Déjà écorné en 1999 par la possibilité de mettre en place des buvettes à raison de 10 fois par an au maximum, l’objectif de la loi Evin ne pas promouvoir l’alcool à travers les activités sportives semble en grand danger. Ceux-là mêmes qui ont réussi à faire basculer la Mairie de Saint Denis s’agissant de la finale de la coupe de France entendent bien pousser leur avantage et étendre la possibilité de vendre de l’alcool pour tous les matches de la ligue 1 souhaitent « qu’il soit admis une fois pour toute que la bière est autorisée dans les stades », autorisation qui représente un fort enjeu financier pour les clubs professionnels.

Cette revendication est dangereuse : tout ce qui facilite l’accès à l’alcool et sa consommation favorise les excès, les risques et les débordements, particulièrement dans les foules. Rappelons le précédent du Mundial 2014 : sponsors obligent, la Fédération Internationale de Football Association (FIFA) a imposé la vente de bière dans les stades au Brésil qui l’avait interdite en 2003 pour y endiguer la violence. Jérôme Valcke, secrétaire général de la FIFA, a dû constater les dégâts au point de déclarer : « J’ai été impressionné et suis préoccupé par le niveau d’ébriété de nombreux supporteurs qui ne se comportent pas bien à cause de cela», et de se dire « préoccupé par le nombre de supporteurs ivres dans les stades. »

La Ligue de football professionnel (LFP) avance en France l’argument que les supporters arrivent déjà ivres et que par conséquent l’interdiction ne sert à rien. Il s’agit d’un raisonnement par l’absurde, car avoir la possibilité de continuer de boire ensuite n’arrangera certainement pas le problème. En revanche mettre en place des actions de prévention et de réduction des risques (comme par exemple le fera l’ANPAA 33 en partenariat avec Bordeaux Métropole dans les fanzones de Bordeaux lors de l’Euro 2016) semblerait une piste nettement plus responsable.

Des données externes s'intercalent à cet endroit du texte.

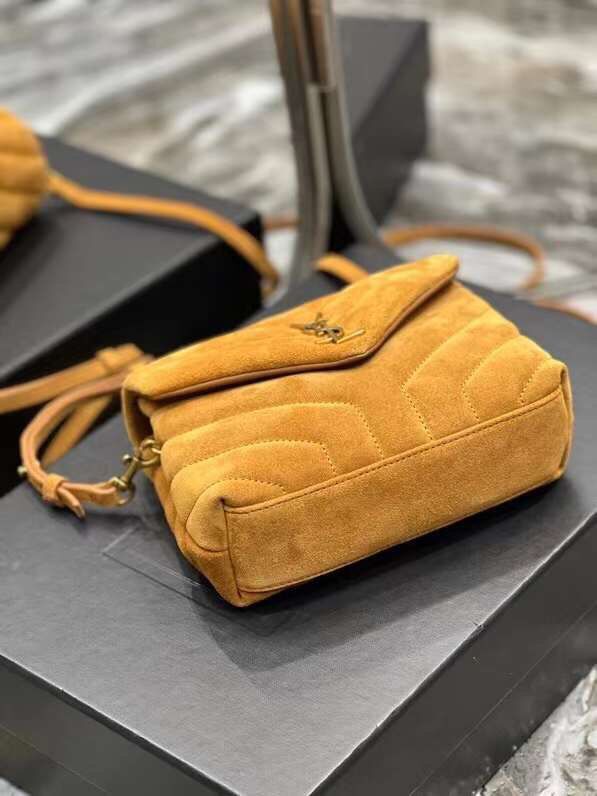 Yves Saint Laurent LOULOU SMALL BAG IN Y-QUILTED SUEDE 77761 CINNAMON Yves Saint Laurent LOULOU SMALL BAG IN Y-QUILTED SUEDE 77761 CINNAMON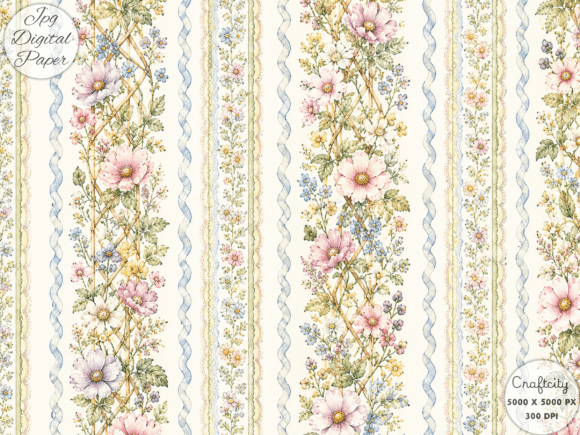 Download Pastel Floral Stripe JPG Pattern, Cottag - Premium Resources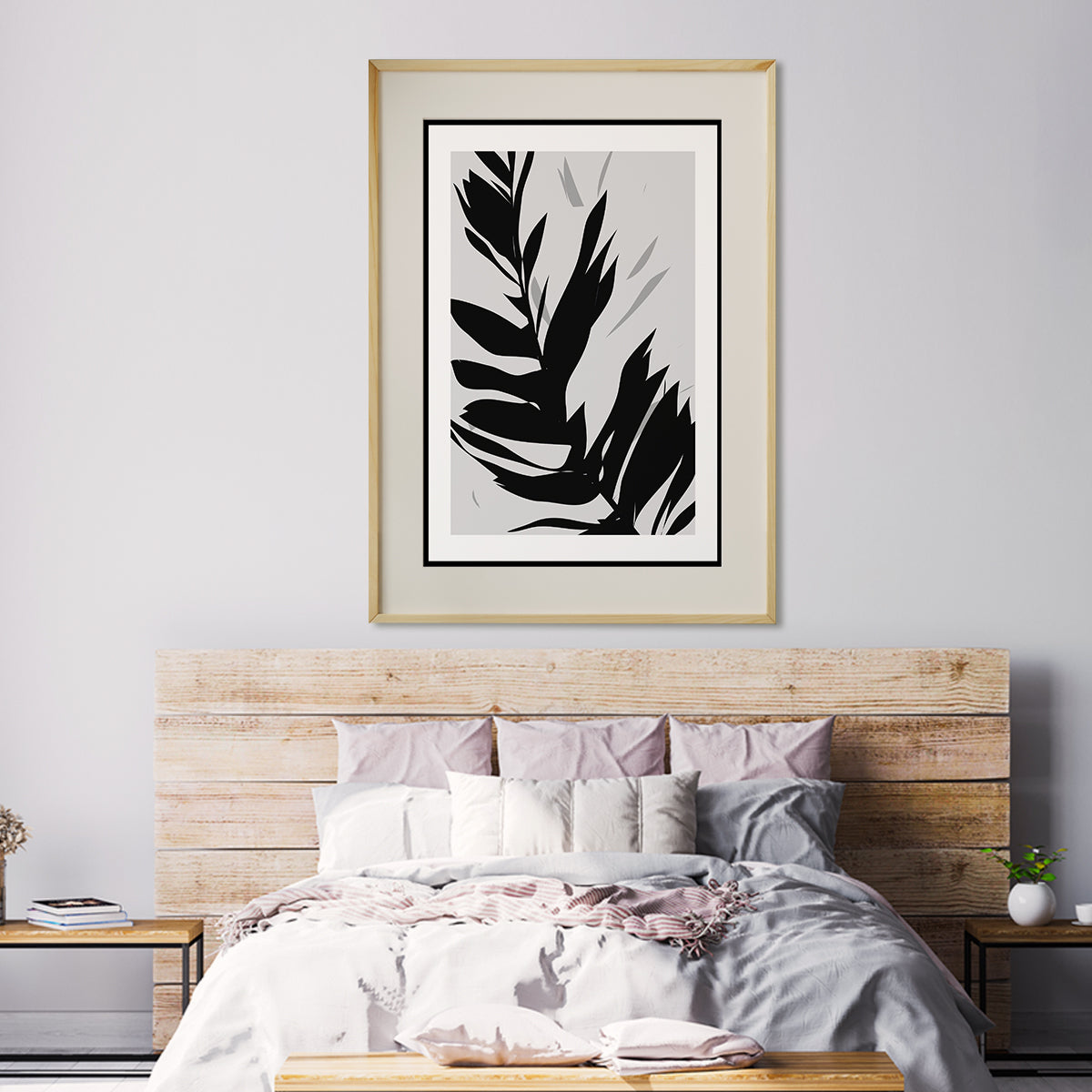 Minimalist Palm Leaves Black and White Posters-Vertical Posters NOT FRAMED-CetArt-8″x10″ inches-CetArt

La Ligue de football professionnel (LFP) avance également l’argument qu’ « il est beaucoup plus facile de contrôler les populations une fois qu’elles ont passé les contrôles et sont dans l’enceinte. » mais oublie le constat du secrétaire général de la Fifa : le contrôle de la vente est difficile à  mettre en œuvre «car il est toujours difficile de dire – je vais te vendre la première bière et pas la deuxième -, parce que quand tu commences à vendre, tu dois vendre».

Souvenons-nous que l’Assemblée nationale avait en 2015 voté contre les amendements à la loi Macron qui visaient à rendre possible la vente d’alcool dans les stades. En effet, une telle disposition aurait eu pour effet de faire passer les fédérations sportives sous la coupe du lobby alcoolier.

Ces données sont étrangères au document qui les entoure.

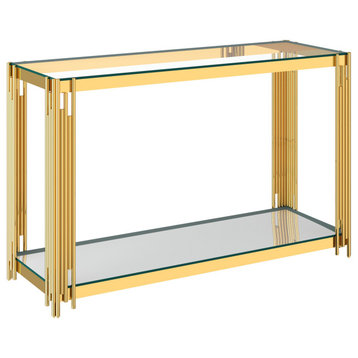 Contemporary Metal and Glass Console Table, Gold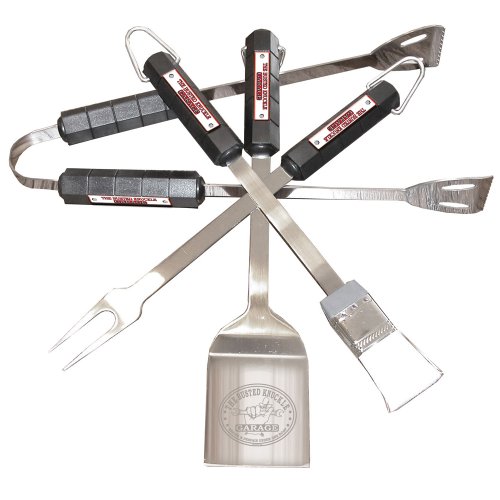 R&D Enterprises Inc DBA Motorhead Products MH-1097 BBQ Grilling 4-Piece Utensil Set Featuring Busted Knuckle Garage Logo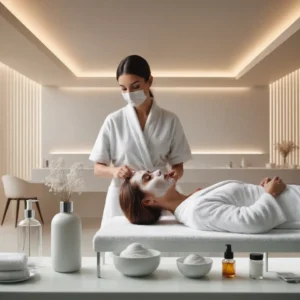 Esteticista aplicando mascarilla facial profesional a clienta en cabina de Pepa López. Tratamiento facial rejuvenecedor con productos de alta calidad.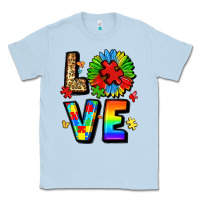 Dusty Blue autism love Classic Tee - LillyAllenDesigns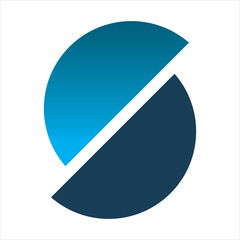 blue circle letter s logo design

La loi Evin n’a jamais été une loi de prohibition, elle a pour objectif premier de protéger la jeunesse et des publics fragiles en limitant les incitations à consommer de l’alcool. La restriction de la vente d’alcool dans les stades y contribue, pour la jeunesse et le public masculin adulte qui constitue la majorité des consommateurs excessifs. Mais le lobby de l’alcool et ses alliés, une fois de plus, démontre que la santé publique importe peu devant la perspective de gros profits.